++++ DATASET ++++

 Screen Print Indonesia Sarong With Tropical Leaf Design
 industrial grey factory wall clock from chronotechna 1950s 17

++++
++++ DATASET ++++

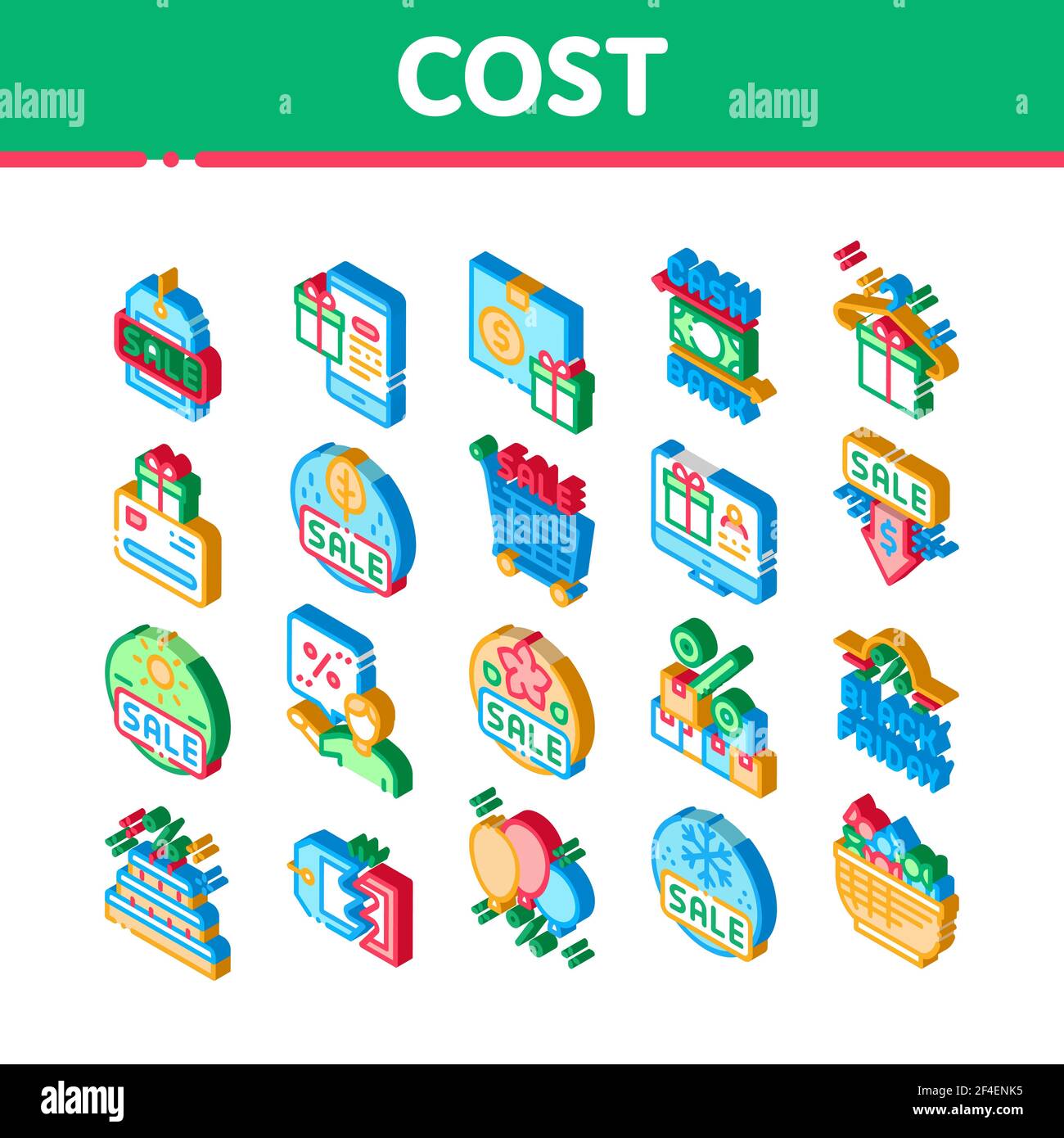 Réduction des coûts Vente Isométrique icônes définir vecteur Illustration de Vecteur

++++
++++ DATASET ++++

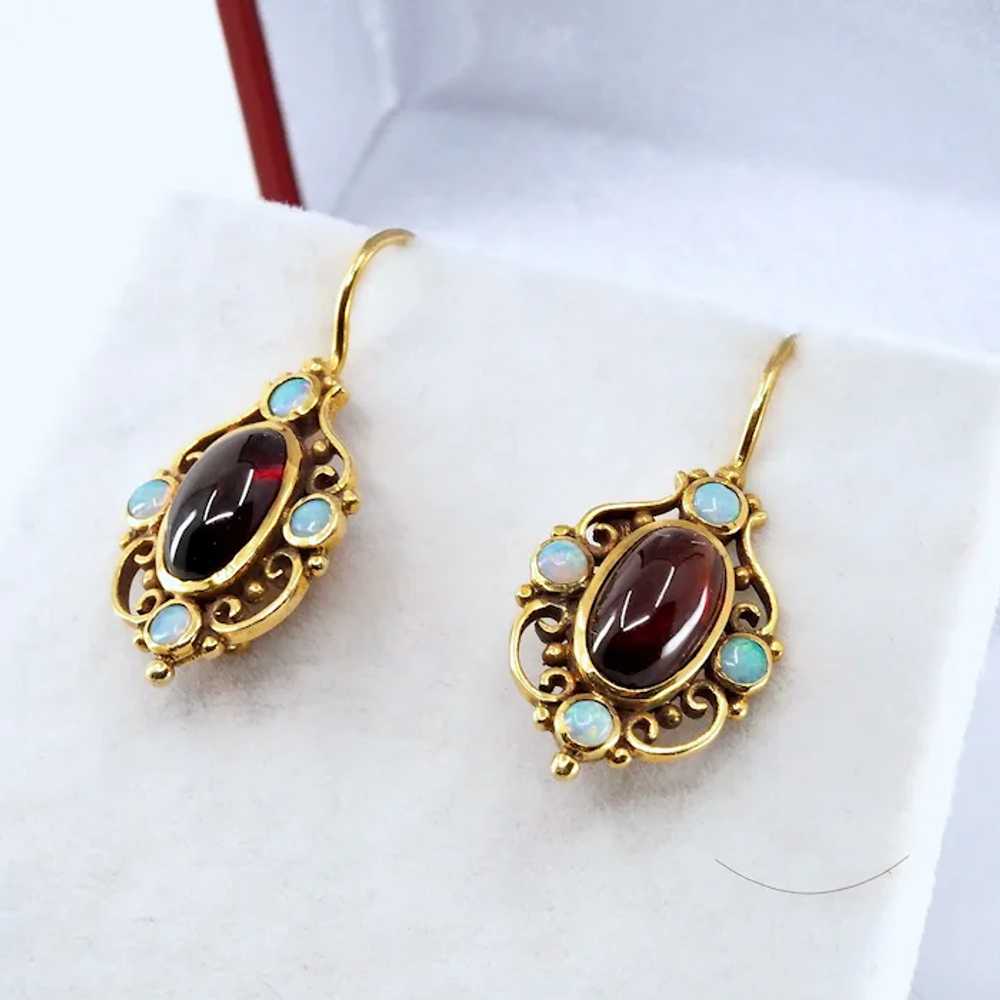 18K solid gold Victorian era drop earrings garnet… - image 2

++++

- [WORK TO BE COMPLETED]:
Give back, unchanged, the run of lines in the listing above that begins at the line containing "Screen Print Indonesia" and ends at the line containing "industrial grey factory", both included.

- [FINAL ANSWER]:
 Screen Print Indonesia Sarong With Tropical Leaf Design
 industrial grey factory wall clock from chronotechna 1950s 17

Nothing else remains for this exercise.